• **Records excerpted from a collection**
<<<<

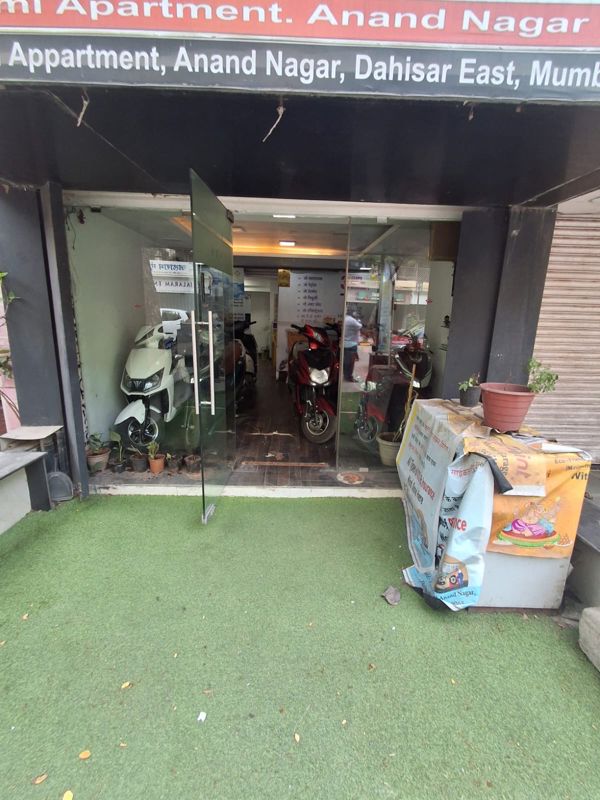 Retail Shop For Sale in Dahisar East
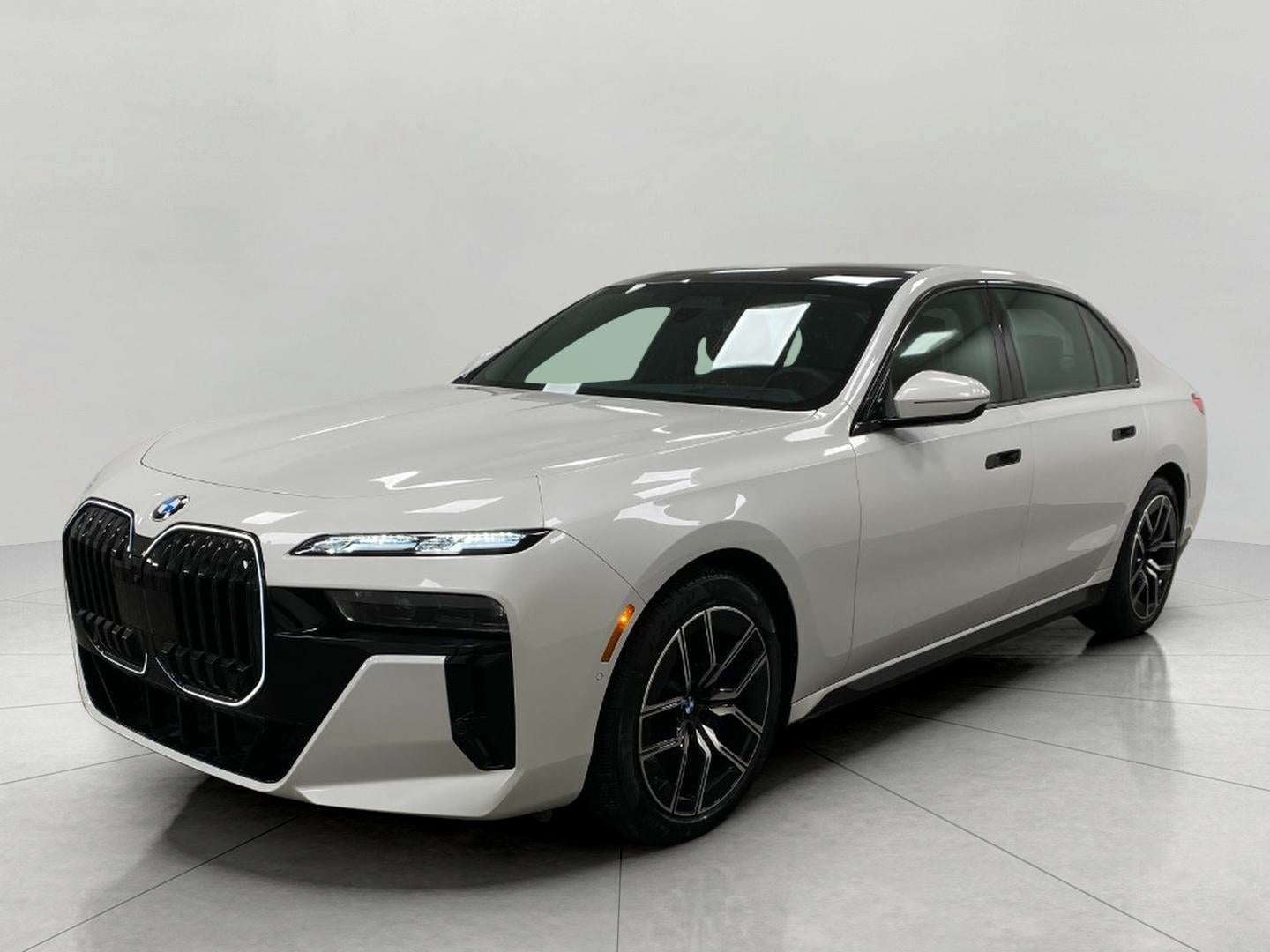 2025 BMW 7 Series 740i xDrive Sedan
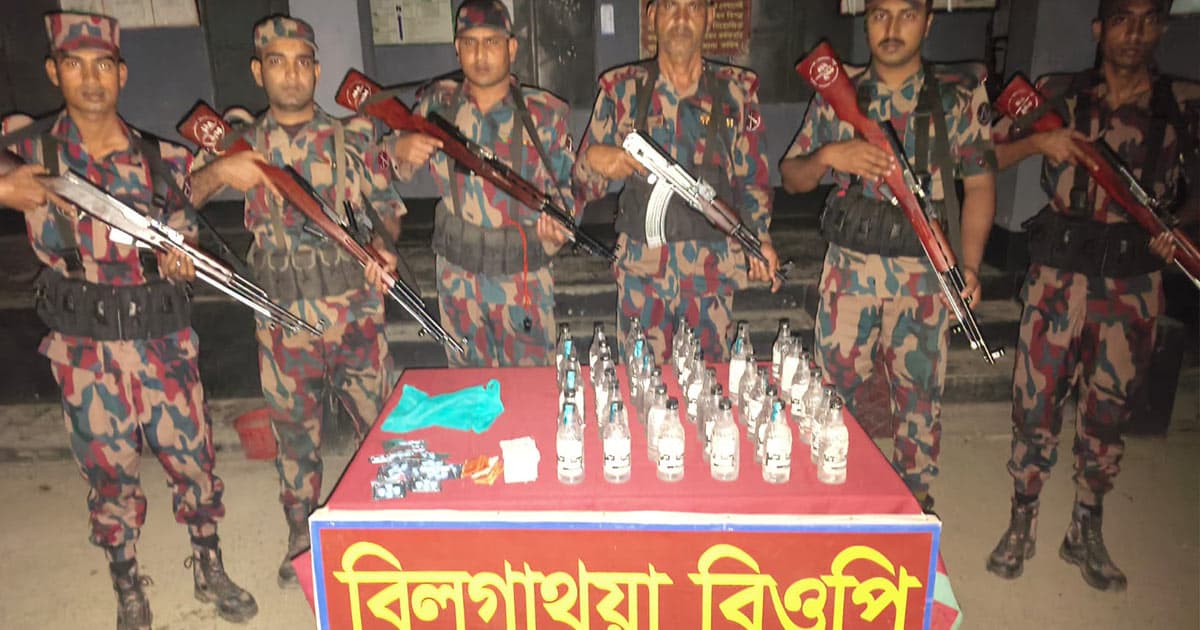 কুষ্টিয়া সীমান্তে বিজিবির অভিযানে ভারতীয় মদ ও ওষুধ জব্দ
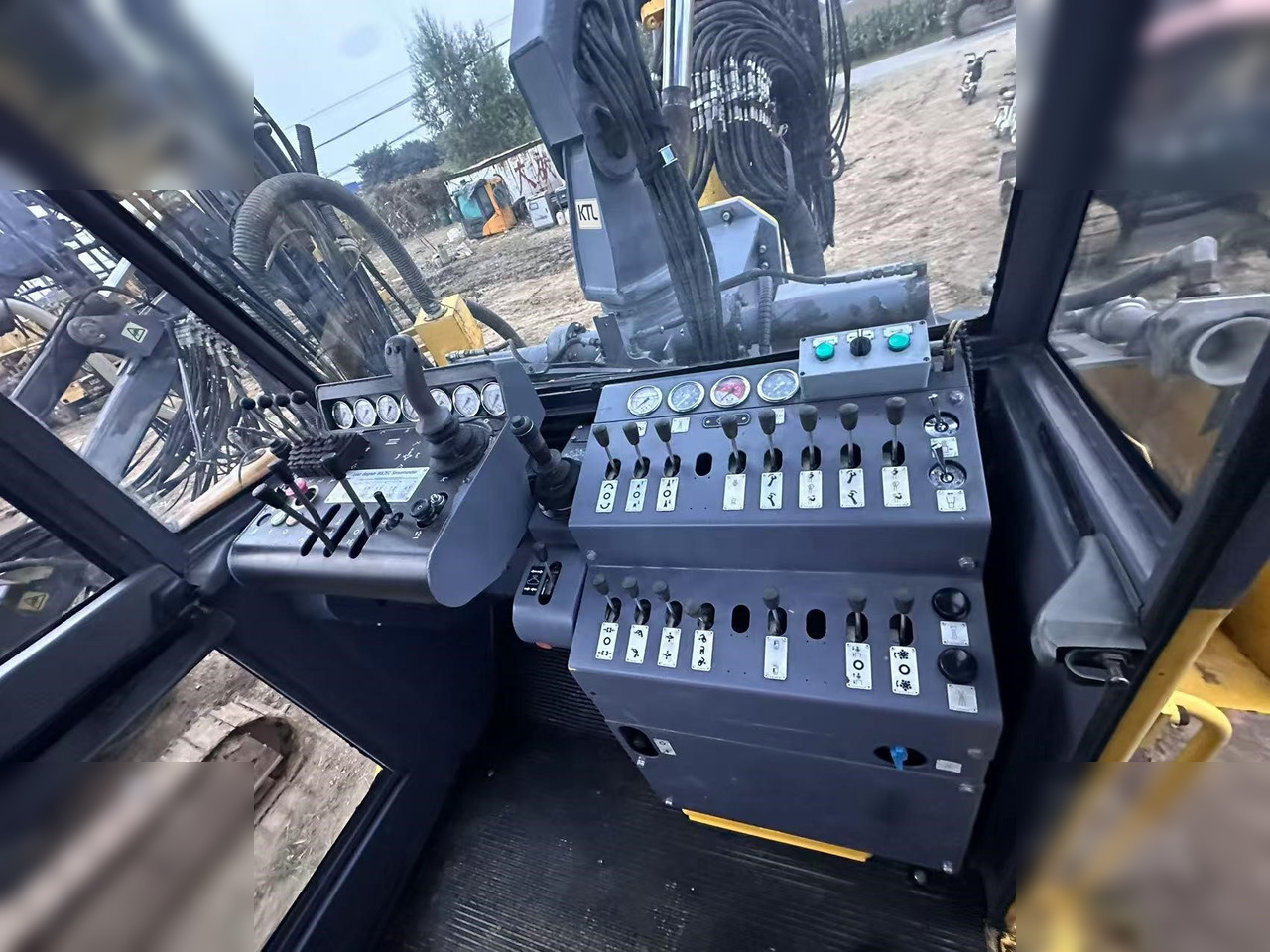 2008 ATLAS COPCO BOLTEC LC - Suuntaava porakone: kuva 2008 ATLAS COPCO BOLTEC LC - Suuntaava porakone 2008 ATLAS COPCO BOLTEC LC - Suuntaava porakone: kuva 2008 ATLAS COPCO BOLTEC LC - Suuntaava porakone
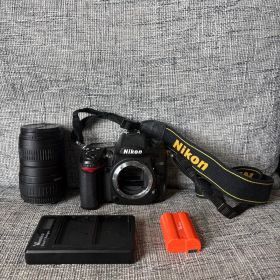 Nikon D7000 デジタル一眼レフカメラ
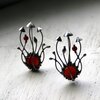 Handgemaakte paddenstoelenbroche met rood glas en zilverkleurig koper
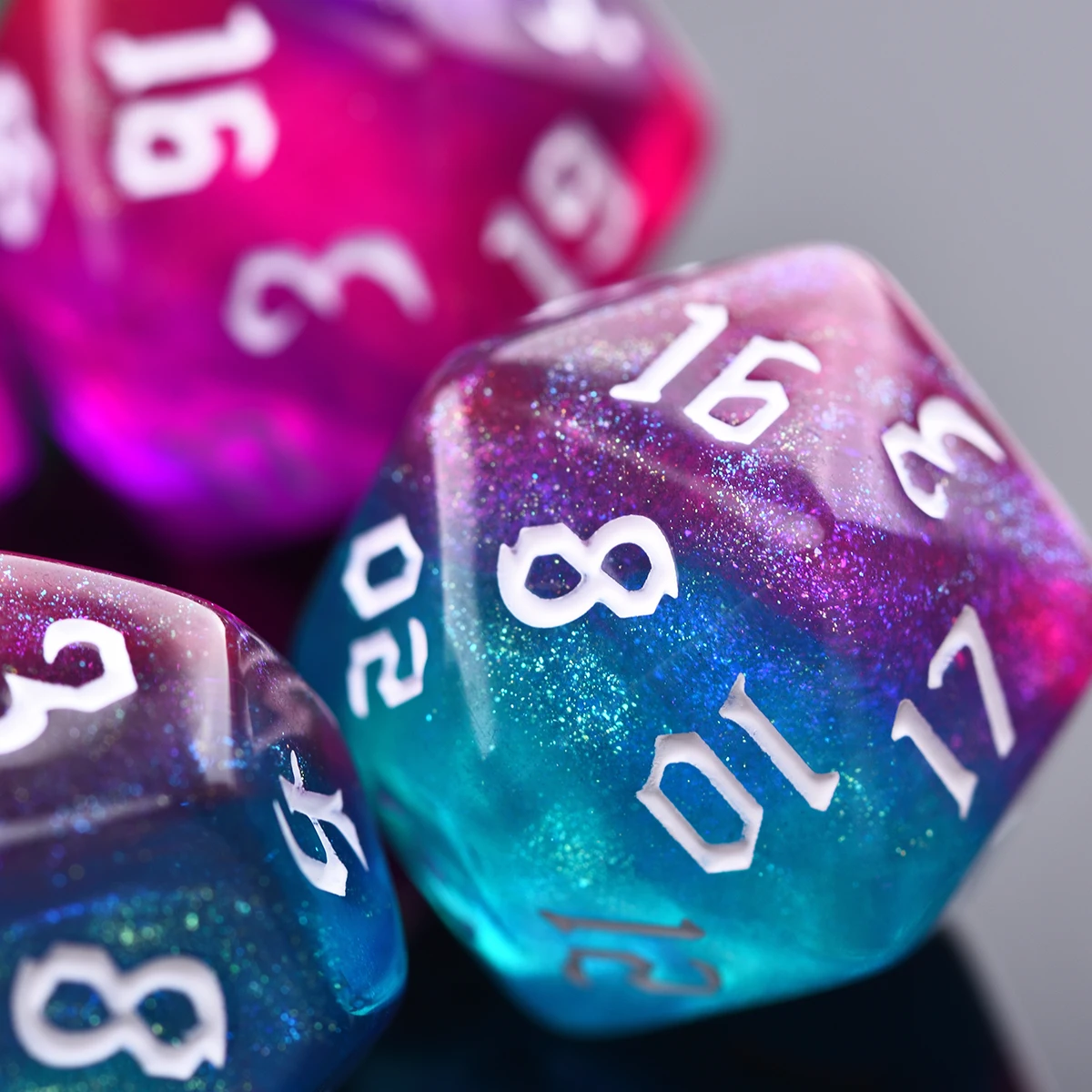 70 многогранных игральных костей в 10 гарантированных комплектах для TRPG DND - Nebula Galaxy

>>>>

• **AIM OF THE TASK**
Go through the entries above and print each one exactly, minus the pictures.

• **WRITTEN RESPONSE**
 Retail Shop For Sale in Dahisar East
 2025 BMW 7 Series 740i xDrive Sedan
 কুষ্টিয়া সীমান্তে বিজিবির অভিযানে ভারতীয় মদ ও ওষুধ জব্দ
 2008 ATLAS COPCO BOLTEC LC - Suuntaava porakone: kuva 2008 ATLAS COPCO BOLTEC LC - Suuntaava porakone 2008 ATLAS COPCO BOLTEC LC - Suuntaava porakone: kuva 2008 ATLAS COPCO BOLTEC LC - Suuntaava porakone
 Nikon D7000 デジタル一眼レフカメラ
 Handgemaakte paddenstoelenbroche met rood glas en zilverkleurig koper
 70 многогранных игральных костей в 10 гарантированных комплектах для TRPG DND - Nebula Galaxy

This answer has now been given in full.